This year's festival includes a number of documentaries that have garnered great acclaim on the fest circuit, some of which have been covered here at ScreenAnarchy. One of these is Joshua Oppenheimer's astonishing and deeply disturbing The Act of Killing (see Jason Gorber's TIFF review), which interviews perpetrators of genocide in Indonesia who unapologetically boast of their crimes and dramatically recreate them for the camera. Another is Mike Lerner and Maxim Pozdorovkin's Pussy Riot: A Punk Prayer (see J Hurtado's review), which follows the jailed members of the anti-Putin collective that staged a bold protest inside a hallowed cathedral in Moscow and brought the eyes of the world on Russia's often harsh crackdowns on dissent.

This year's festival centers on four main themes: traditional values and human rights, focusing on women's rights, LGBT rights, and the rights of the disabled; crises and migration; a focus on Asia; and human rights in the United States.
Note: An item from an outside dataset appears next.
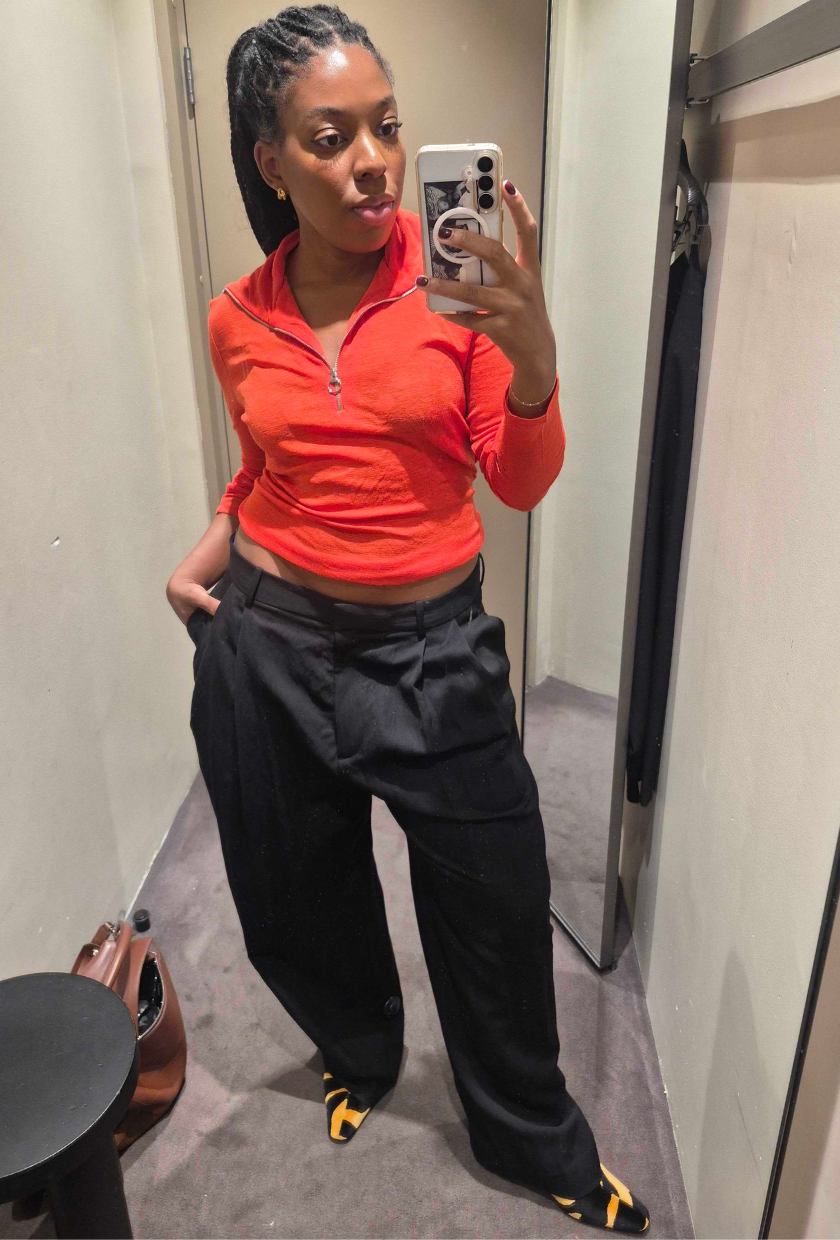 An image of Who What Wear UK fashion editor Remy Farrell wearing the COS Relaxed Fluid Wide-leg Trousers with a red half-zip polo and tiger-print boots.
Below are a few of this year's notable selections. For more information on these and other festival films, and to purchase tickets, visit the Human Rights Watch Film Festival's website.

ANITA (Frieda Mock)

The opening night film, Anita gets into the nuts and bolts of Anita Hill's testimony against Clarence Thomas concerning charges of sexual harassment in 1991 during his Supreme Court confirmation hearing. It goes well beyond the sensationalistic details of Long Dong Silver and pubic hair on Coke cans to explore the circumstances behind her testimony, Hill’s background, and her life before and after her time in the spotlight.

The film is very solidly on Hill's side, as is to be expected, and Hill is largely credited here with opening up a national conversation on sexual harassment in the workplace, which was not much talked about in public up to that point. Including extensive interviews with Hill herself, as well as other key figures in the case, Mock compellingly conveys the full story of what it was like for Hill to be "in the political lion's den," in the words of one interviewee.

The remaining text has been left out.